When I started cubing and I wanted some new cubes, my parents wouldn't let me buy any of them online. After I got more into cubing and attended several competitions, they realized that cubing was a serious hobby to me and that it was an important part of my life, and they understood why I wanted to get other puzzles. From the time I started cubing to then, their view of it had changed a lot, and they would let me get new cubes once in a while. 

Maybe your parents just think it's a silly hobby that you shouldn't spent "too much" money and time on. I suggest that you let them know exactly why you want the 4x4 and 5x5 instead of saying "I just want it". And don't do what ZamHalen suggested. -_-


----------



## ZamHalen (Nov 26, 2011)

^Do it Penguino and your journey to the dark side will be complete.

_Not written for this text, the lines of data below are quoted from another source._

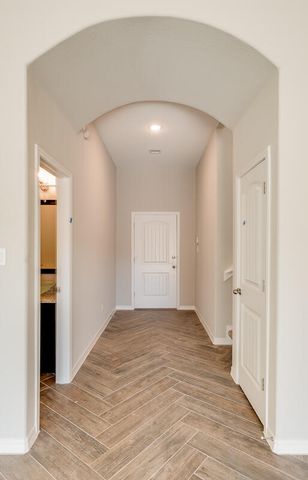 3940 Aspiration Street, El Paso, TX 79938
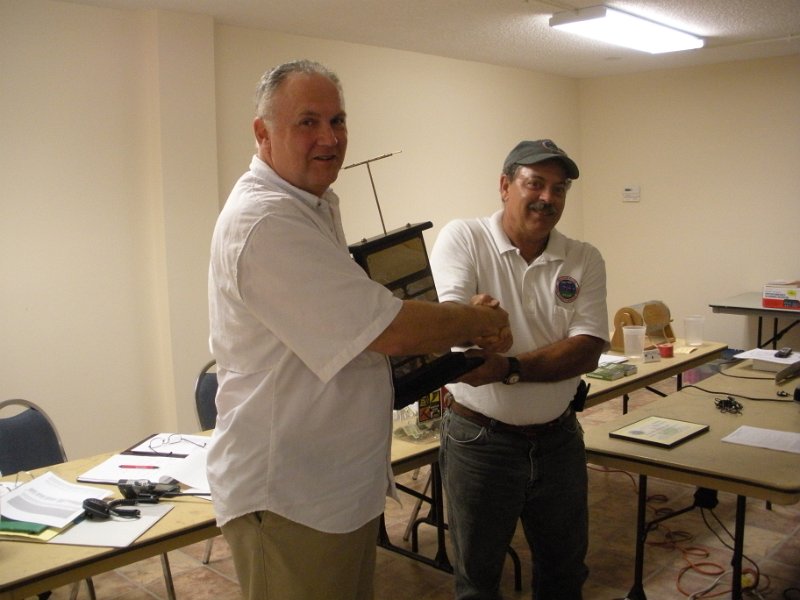 Berts Photos 149.jpg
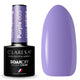 Claresa Claresa UV LED GELLAK 5ML PILPLE 603 ​​FUNFAIR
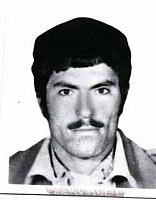 آلبوم اختصاصی تصاویر شهید سیدیارعلی حبیبی . کد 1403200699 آ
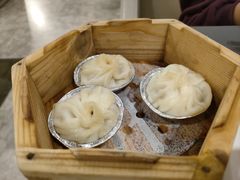 -斑斓西餐厅·自助茶点(高崎机场佰翔花园酒店)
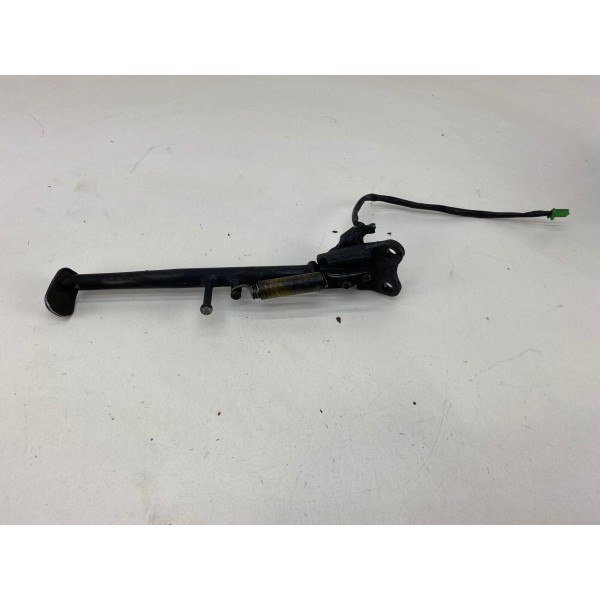 SIDE STAND HONDA CBR 600 F 2001-2006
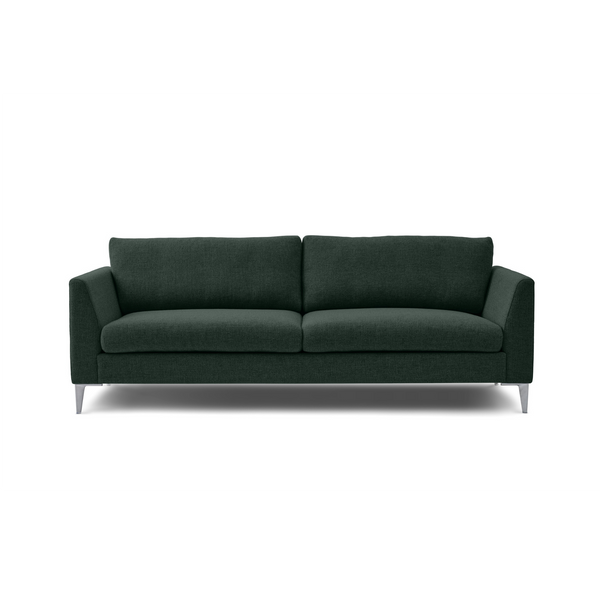 MH 272 sofa | Nobel stof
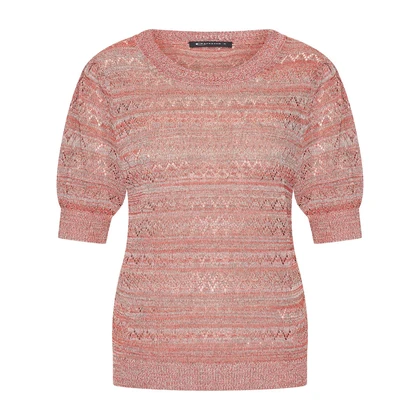 Dames Trui EX11-25329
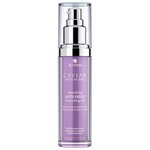 Alterna Caviar Anti-Aging Anti-Frizz Smoothing Питательное полирующее масло для контроля и гладкости - изображение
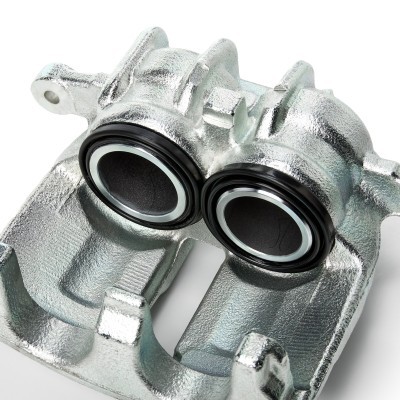 Zacisk Hamulcowy RIDEX 78B1064R 78B1064R - foto 5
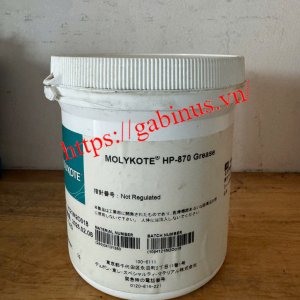 z5828945125826_a488252943fb0323d1c26d0b1471abef z5828945125826_a488252943fb0323d1c26d0b1471abef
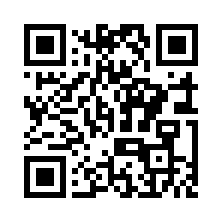 QR Code for 35LMiset8yVpWd11PiNXVziBz6eTGaCMbx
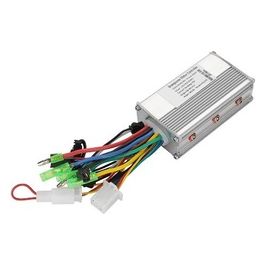 1MEL0063 Controller J5
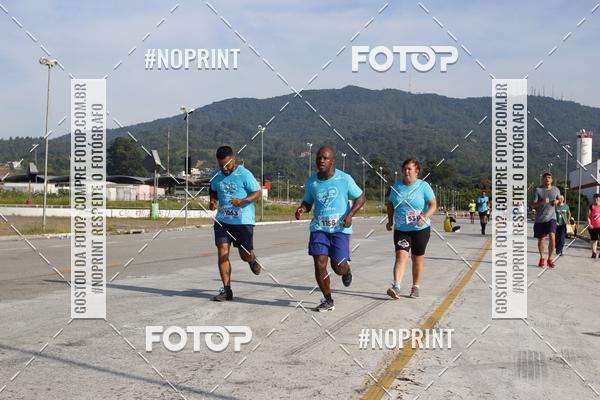 Buy your photos of the eventCORRIDA SOLIDARIA SANTA CASA on Fotop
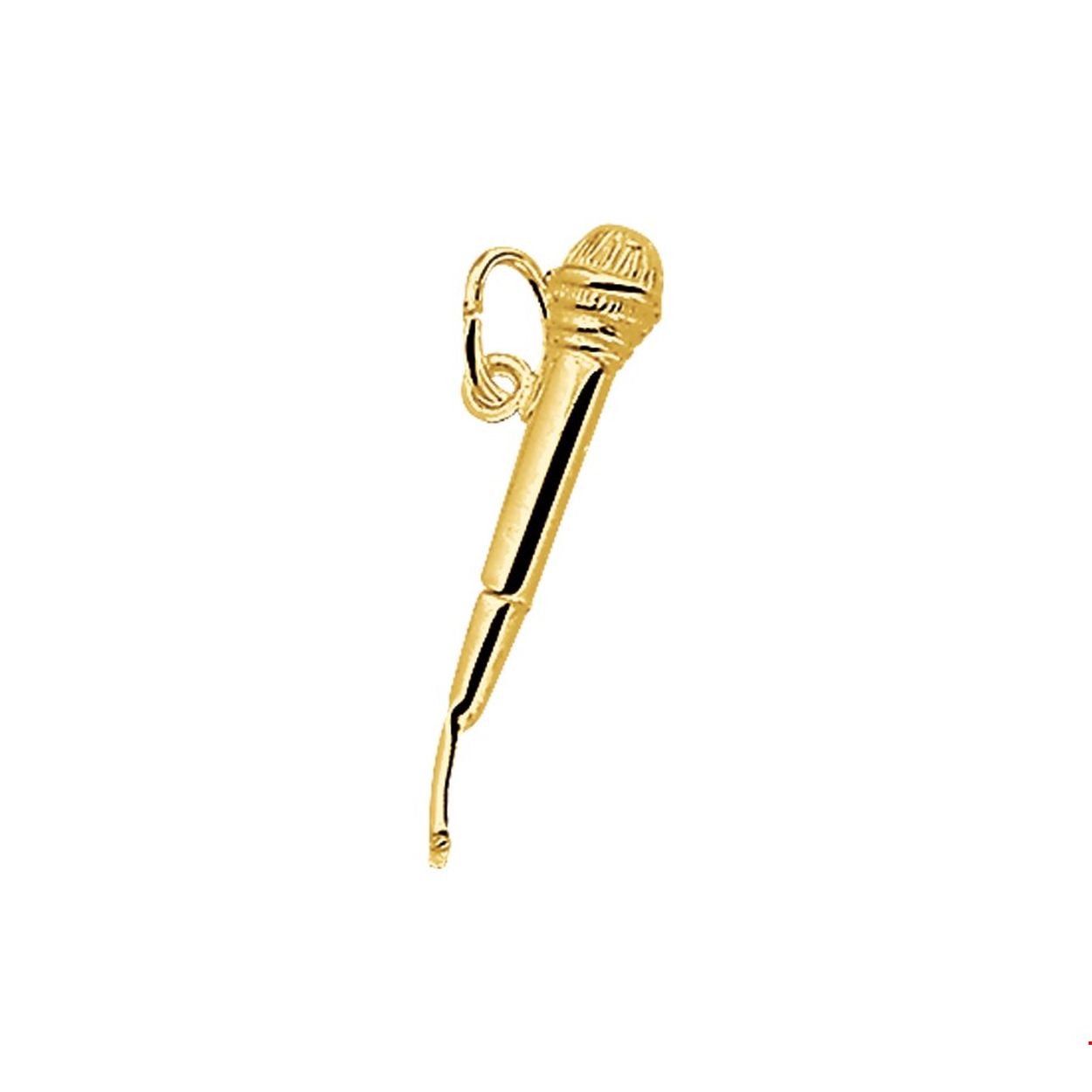 
Verpakt per: 1
Doelgroep: unisex
Breedte: 23.5 mm
Hoogte: 7 mm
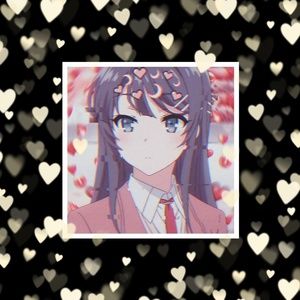 Meet your Posher, Caleb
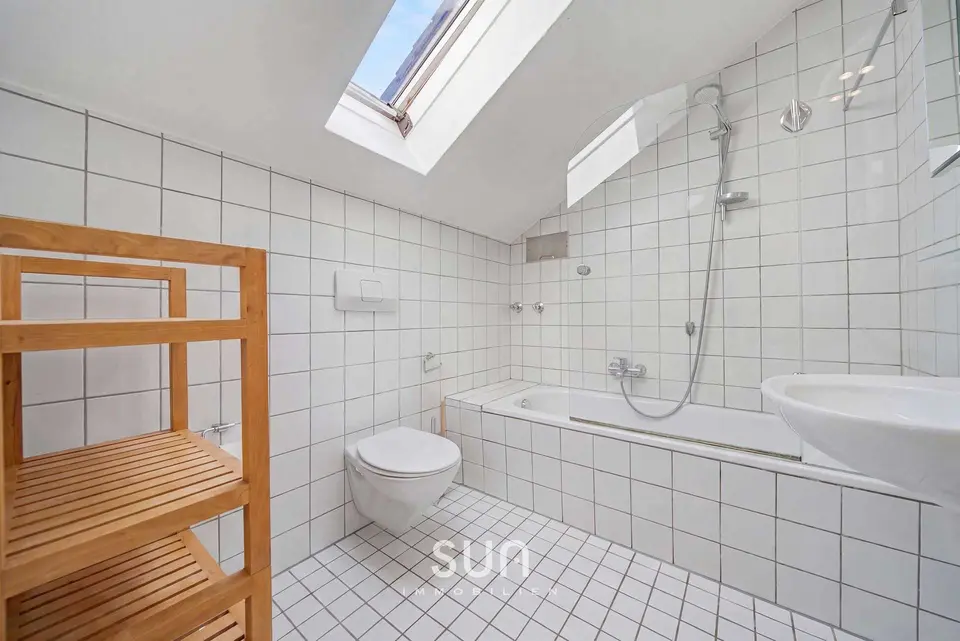5 Zimmer Haus mit 204 m² in Oberursel – Bild 10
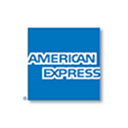 amex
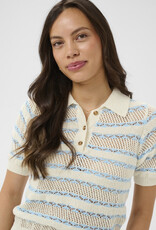 Saint Tropez St Tropez Rosetta pu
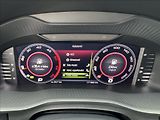 Škoda Kodiaq 2,0 TDI DSG 4X4 SPORTLINE 7mís - náhled 27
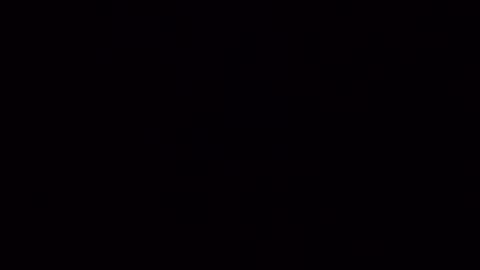 uli9900 online show from 12.14.25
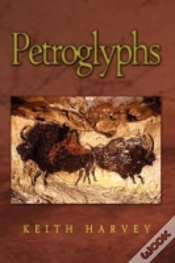 Capa do artigo Petroglyphs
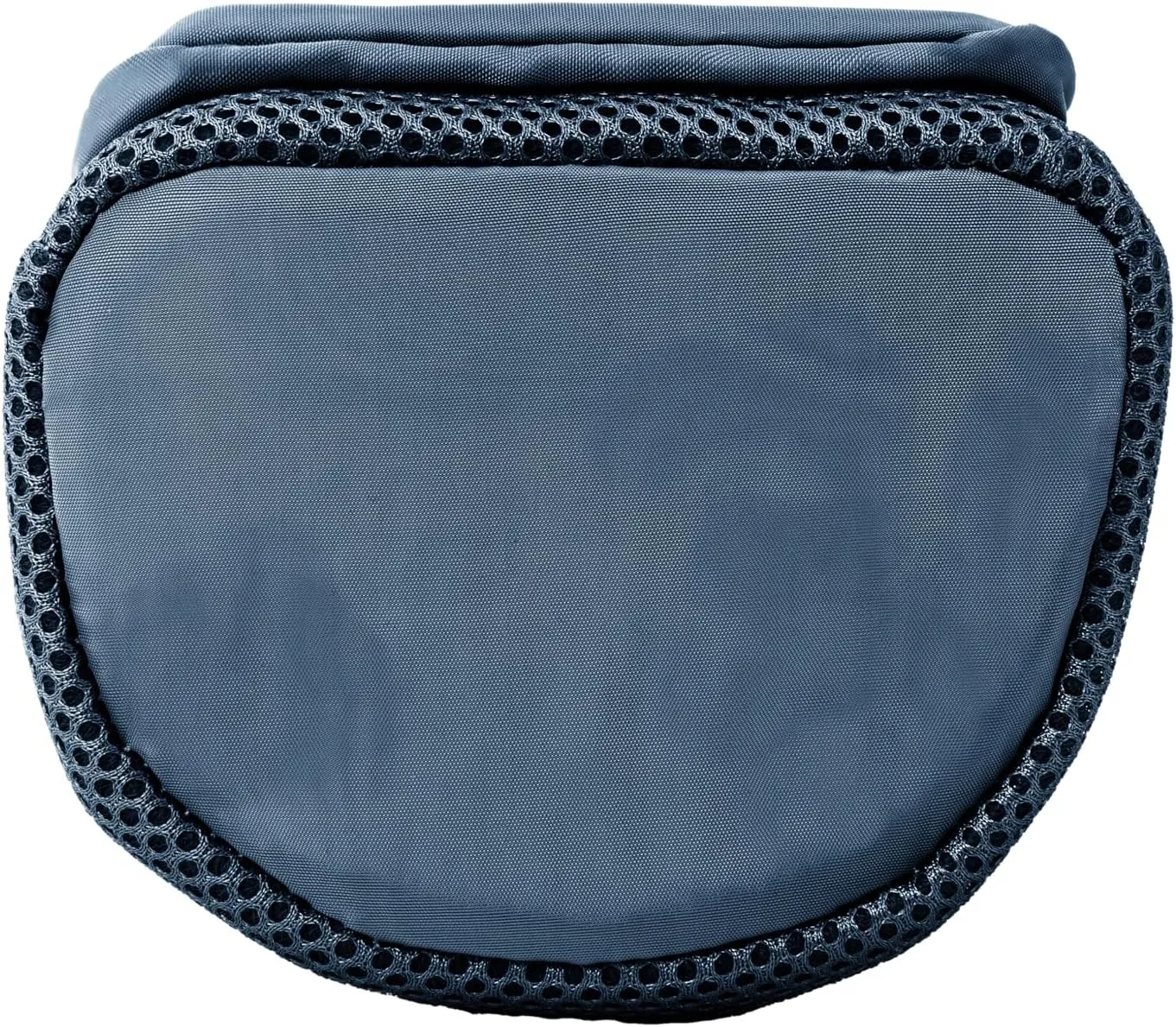 Travelon Pi Gogo Insulated Water Bottle Tote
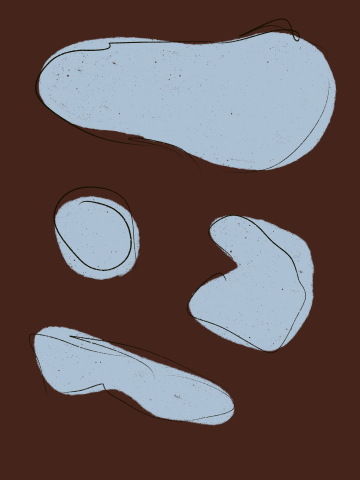 Burst-blue-brown.gif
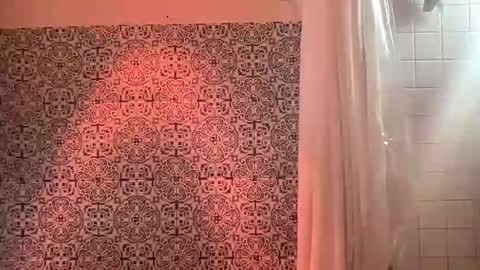 Snapshot of fantasyvix34 chatting on 11.07.25 Fantasyvix online show from 11.07.25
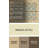 Abstract Indoor Rug-643895459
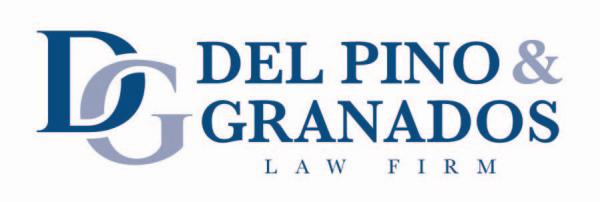 Del Pino & Granados Law Firm - Abogados De Bancarrota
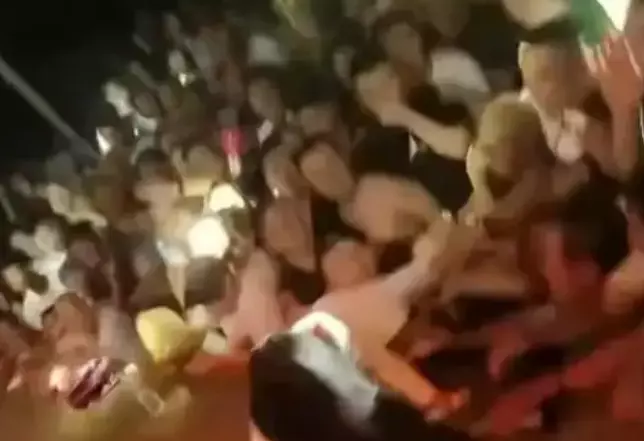 今夜德州发生地震了吗(9)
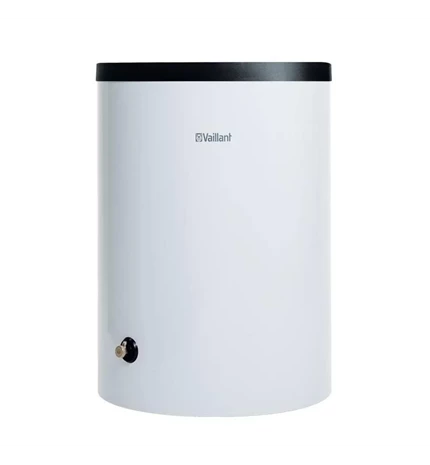 SPREMNIK AKUMULACIJSKI BOJLER VAILLANT VIH R 120/6 B 0010015943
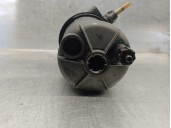 Recambio de soporte filtro gasoil para renault safrane (b54) 2.2 dt (b54g) referencia OEM IAM 6610962840 6610962840 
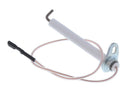 Ariston 65100251 Electrode Ignitiion RH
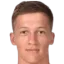 Jáchym Šerák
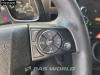 Mercedes-Benz Actros 1843 4X2 BigSpace NL-Truck Retarder 2x Tanks Photo 23 thumbnail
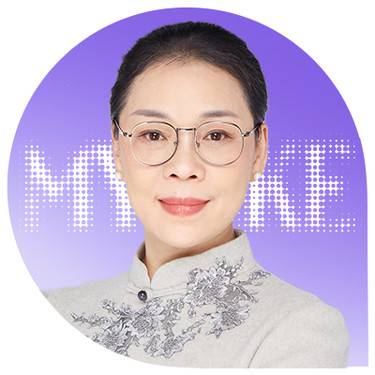 陈蔚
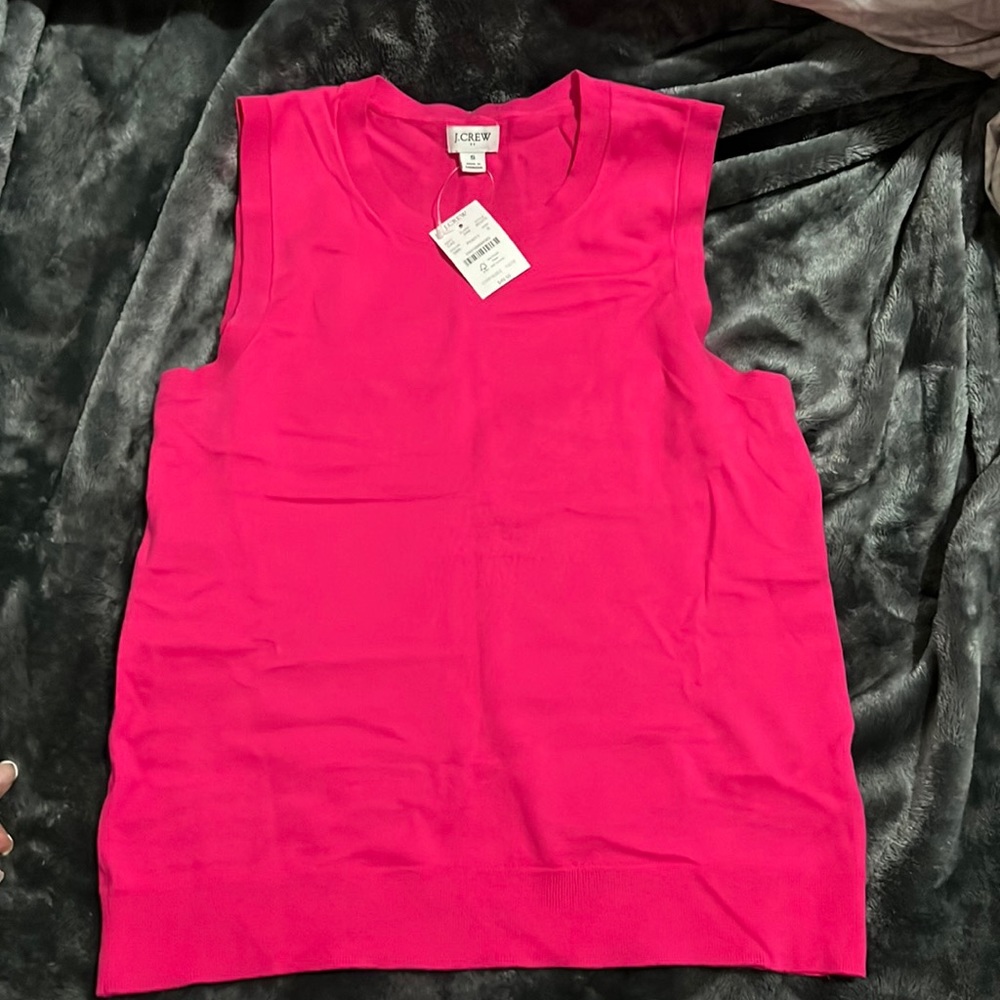 JCrew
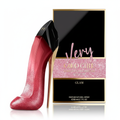 Very Good Girl Glam - Producto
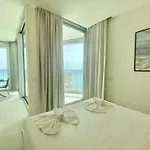 Evolution Luxury In Calpe - Inmodream Calpe דירה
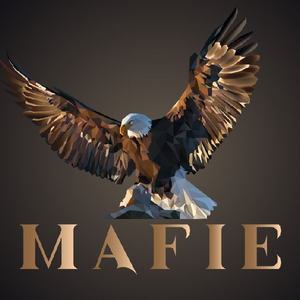 mafie avatar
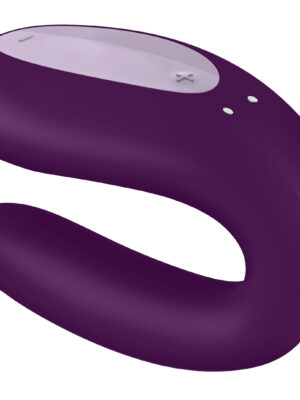 partner box 3 sexy secret plus double joy plus royal one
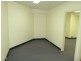 3a/29 Newland Street, Bondi Junction NSW 2022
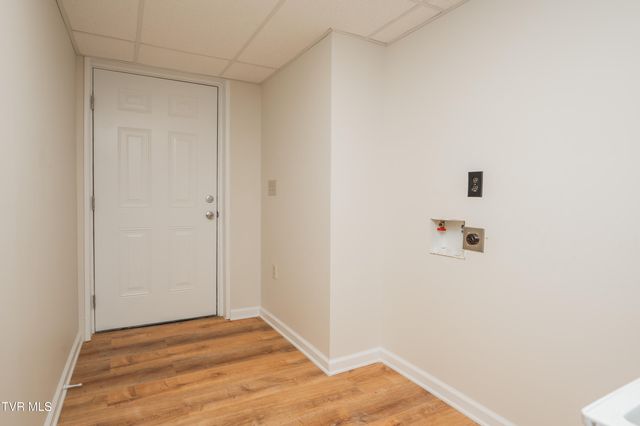 4312 Orebank Road, Kingsport, TN 37664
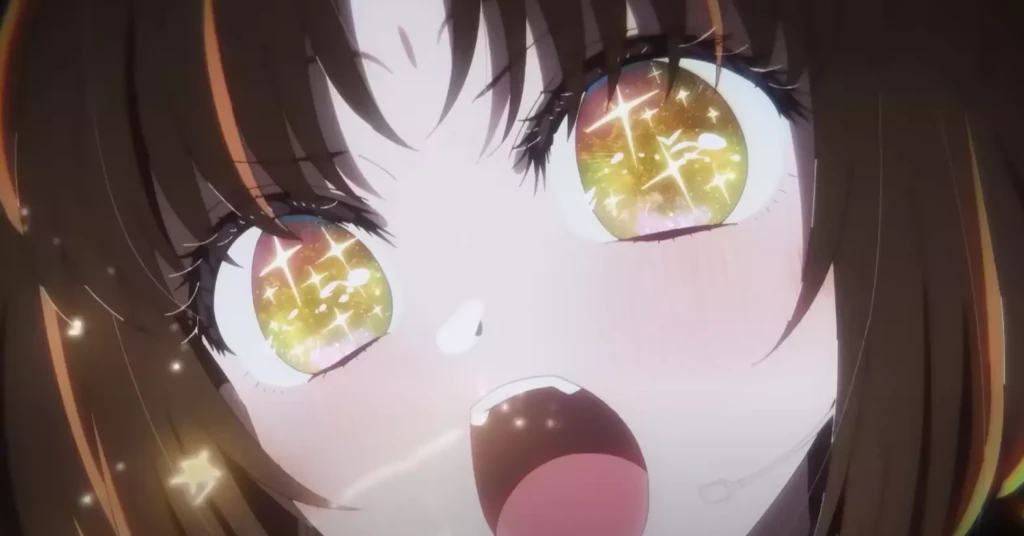 Oshi No Ko saison 3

Seriously though, I've had to do it or else I would still be stuck with my effed up F-II and a *retarded* QJ 4x4.


----------



## Yuxuibbs (Nov 26, 2011)

I had to say that my club was getting cubes and the cubes were the club's (I run a cubing club). They don't know I actually payed for them and it's actually mine and I got a friend to buy the cubes for me while ordering some extra cubes for people in the club that actually wanted cubes. I had to do it because all I had was an Alpha 1 and a rubik's. A1 broke and I was stuck cubing with my rubik's and I was stuck at 23 for about 6 months. 
That was my last resort and I can't use it for a while but I am going to try getting all straight A's (Usually get all A's with 1 or 2 A-) to convince my parents cubing isn't affecting my grades at all and make them buy some cubes for me.


----------



## insane569 (Nov 26, 2011)

Edward said:


> I HAVE NEVER UNDERSTOOD IN MY WHOLE LIFE
> Why is it offensive?


Because mental retardation isnt something to make fun of or use as slang.
Its like if i said "This might sound spic like" which would offend most hispanics (especially me).
My high school has its own Special Ed. department and actually made a movement to stop the use of the "R" word.
Mostly because of the amount of kids in the department. My school has about 4000 kids attending it.


----------



## Sarahjdes (Nov 26, 2011)

Penguino138 said:


> Haha! I think I'll keep my old cubes.


 
Doesn't mean you need to get rid of cubes... Can't you donate any books, old shirts you don't wear anymore, or dollar store stuff you bought that are sitting on your shelves? anyway, works for me, and I know that otherwise, I'd keep waterbottles that leak, "just in case".


----------



## RNewms27 (Nov 26, 2011)

If you have a sibling that is very demanding (wants something new all the time) and if you aren't, it should be safe to assume that you are deserving of new cubes, as long as they don't like to be bothered.


----------



## Owen (Nov 26, 2011)

Ignore them and buy the cubes anyway.


----------



## zmikecuber (Nov 26, 2011)

Owen said:


> Ignore them and buy the cubes anyway.



I wouldnt recommend that. Great way to get your parents to hate you. and... you dont want that.

Just give them time. Dont keep bugging them, that will probably just make it worse. Patience pays off. 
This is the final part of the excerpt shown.